=== Work instructions ===
Without including any picture, repeat the records below exactly.

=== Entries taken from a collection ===
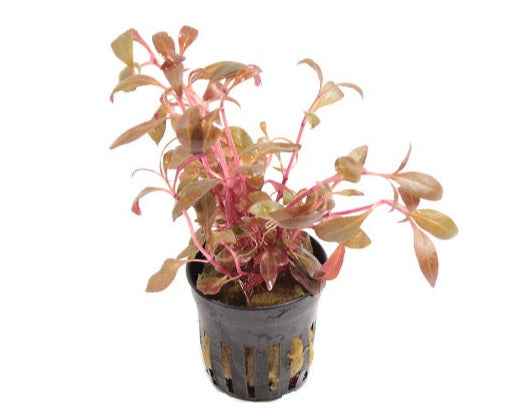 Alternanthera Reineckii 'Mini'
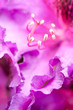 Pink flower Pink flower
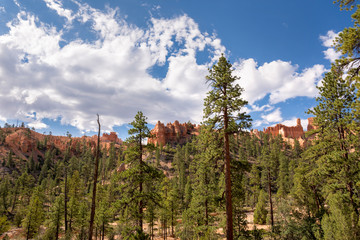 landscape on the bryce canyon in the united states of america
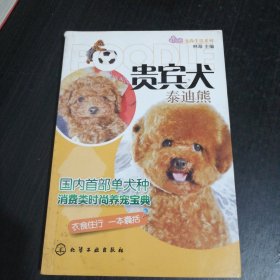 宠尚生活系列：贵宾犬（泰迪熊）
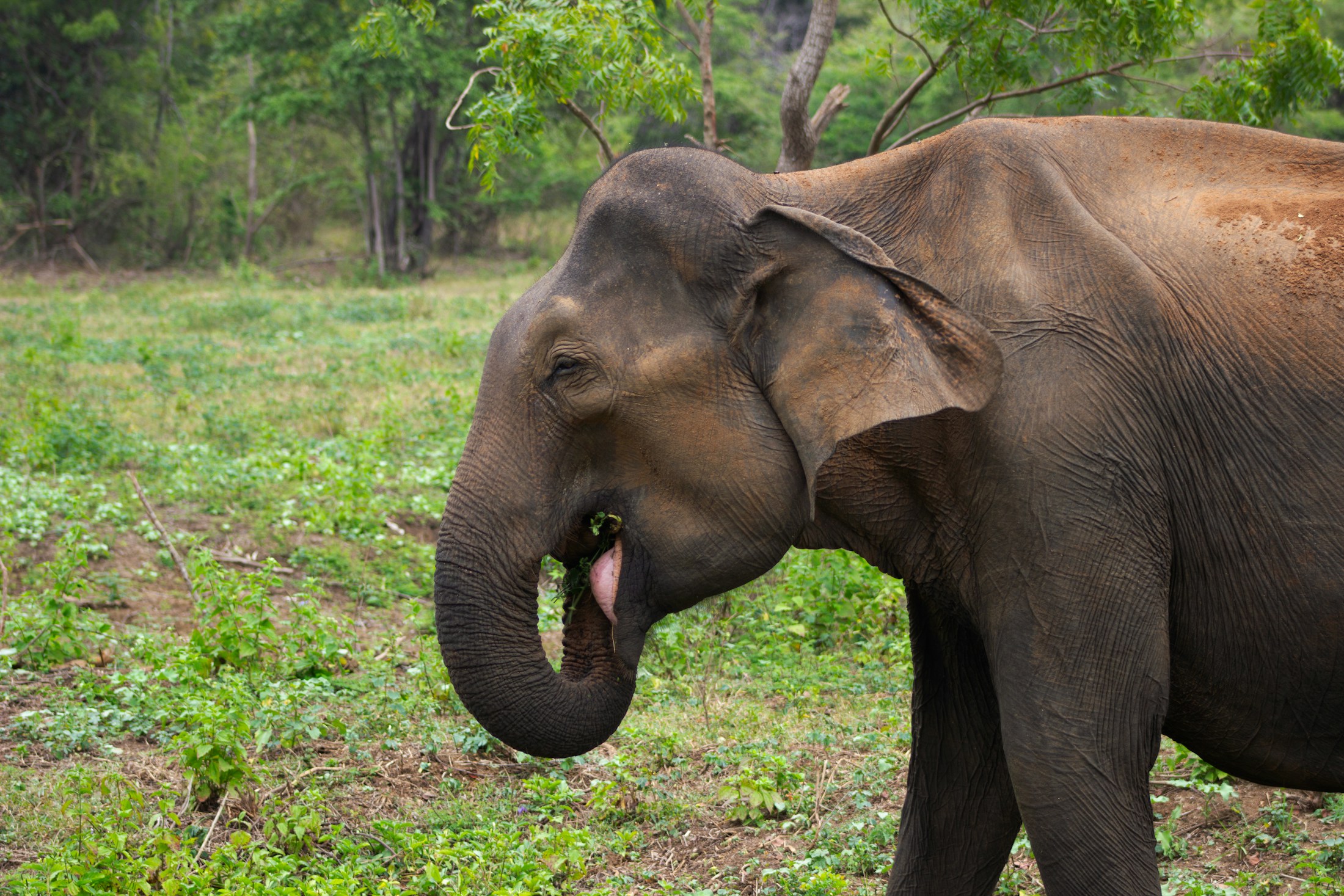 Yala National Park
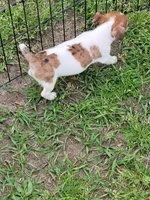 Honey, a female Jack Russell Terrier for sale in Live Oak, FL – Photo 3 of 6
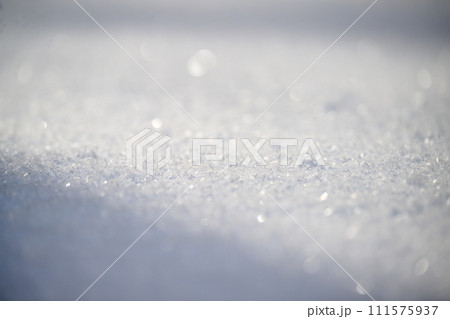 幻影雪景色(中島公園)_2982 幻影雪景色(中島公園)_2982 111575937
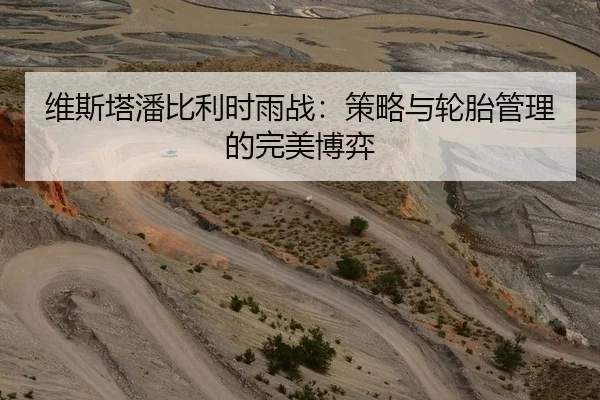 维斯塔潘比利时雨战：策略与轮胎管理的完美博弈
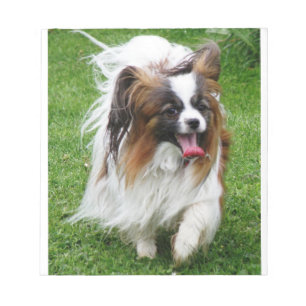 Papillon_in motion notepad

=== Result ===
 Alternanthera Reineckii 'Mini'
 Pink flower Pink flower
 landscape on the bryce canyon in the united states of america
 宠尚生活系列：贵宾犬（泰迪熊）
 Yala National Park
 Honey, a female Jack Russell Terrier for sale in Live Oak, FL – Photo 3 of 6
 幻影雪景色(中島公園)_2982 幻影雪景色(中島公園)_2982 111575937
 维斯塔潘比利时雨战：策略与轮胎管理的完美博弈
 Papillon_in motion notepad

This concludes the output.